SciPy

tethne.model.corpus.dtmmodel module

Classes and methods related to the DTMModel.

class tethne.model.corpus.dtmmodel.DTMModel(e_theta, phi, metadata, vocabulary)[source]

Bases: tethne.model.basemodel.BaseModel

Represents a Dynamic Topic Model (DTM).

The DTM is similar to the LDA model (see LDAModel) except that each topic is permitted to evolve over time (i.e. probabilities associated with terms in the topic can change).
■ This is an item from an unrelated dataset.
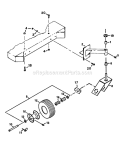 Front Wheels Diagram and Parts List for  Snapper Lawn Mower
For a complete description of the model see Blei & Lafferty 2006.

To generate a DTMModel from a Corpus use the DTMModelManager, which relies on S. Gerrish’s C++ implementation of DTM. Alternatively, you can build the model externally (e.g. using the Gerrish DTM implementation directly), and then load the results with from_gerrish().

If you are using a different implementation of DTM, you can initialize a DTMModel directly by providing parameters and metadata.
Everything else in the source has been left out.